Back in the early ’90s, Garth Brooks, Tim McGraw and Tracy Lawrence were all rising stars, trying to make their mark in country music. The three men also happened to be in a wedding together, where Brooks left an indelible mark on McGraw.
“When I first moved to town, oddly enough, there was a girl named Tammy Rose who sort of took new artists under their wing when they first moved to town, and Garth Brooks was a friend of hers,” McGraw recalled on Beyond The Influence Radio with Tim McGraw on Apple Music Country. “I was a friend of hers. Tracy Lawrence was a friend of hers. And so when she got married, she asked Garth, me and Tracy Lawrence to be her bridesmaids and Garth … had just blown up, big. Tracy had had hits. I had just gotten a record deal and hadn’t had a hit. So we’re all bridesmaids at this wedding for Tammy and I’m standing there. I’m sort of in awe.”

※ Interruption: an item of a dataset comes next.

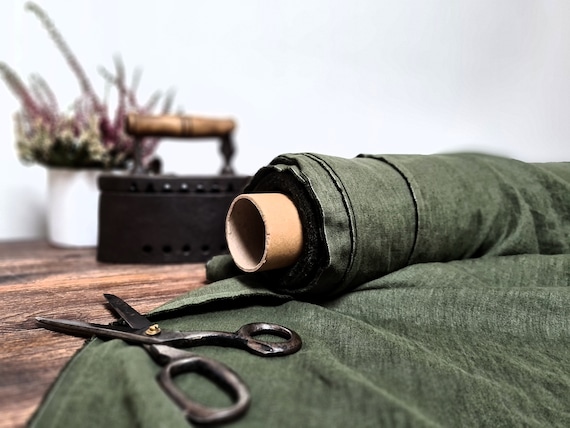 Khaki green linen fabric,  Army green flax fabric, Fabric by the yard or meter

Lawrence and McGraw had already been friends, but he hadn’t had a chance to get to know Brooks, whose career had just exploded with hits like “Much Too Young (To Feel This Damn Old),” “If Tomorrow Never Comes” and others.
“I’m sort of in awe of Garth being there,” McGraw recounted. “I went up to Garth and I said, ‘You know, I just want to thank you Garth, because you knocked the door down for all the things that I wanted to do as a country singer. I wanted to come to town and record songs that had a broader melody or broader appeal and I wanted to do shows that were like the rock shows that I saw growing up. That’s the kind of thing that I wanted to do.’ And he said something really profound to me, and it stuck with me to this day.

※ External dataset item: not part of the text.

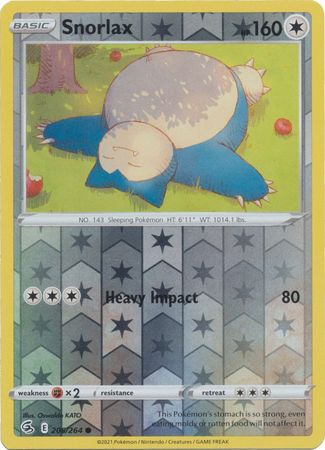 Sword and Shield Fusion Strike Reverse Holo 206  Snorlax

“He goes, ‘Look, we all moved to town for that reason. I just got here first,'” he continued. “And I thought that that was really sweet of him to say that, but really, really perceptive of him to say that too, as well, because we were all thinking those sorts of things. We all grew up in that environment. Seeing, watching, hearing all these different influences and wanting to include them in the genre of music that we chose to make.”
McGraw’s first hit was “Indian Outlaw,” released in 1994, five years after Brooks’ first Top 10 hit.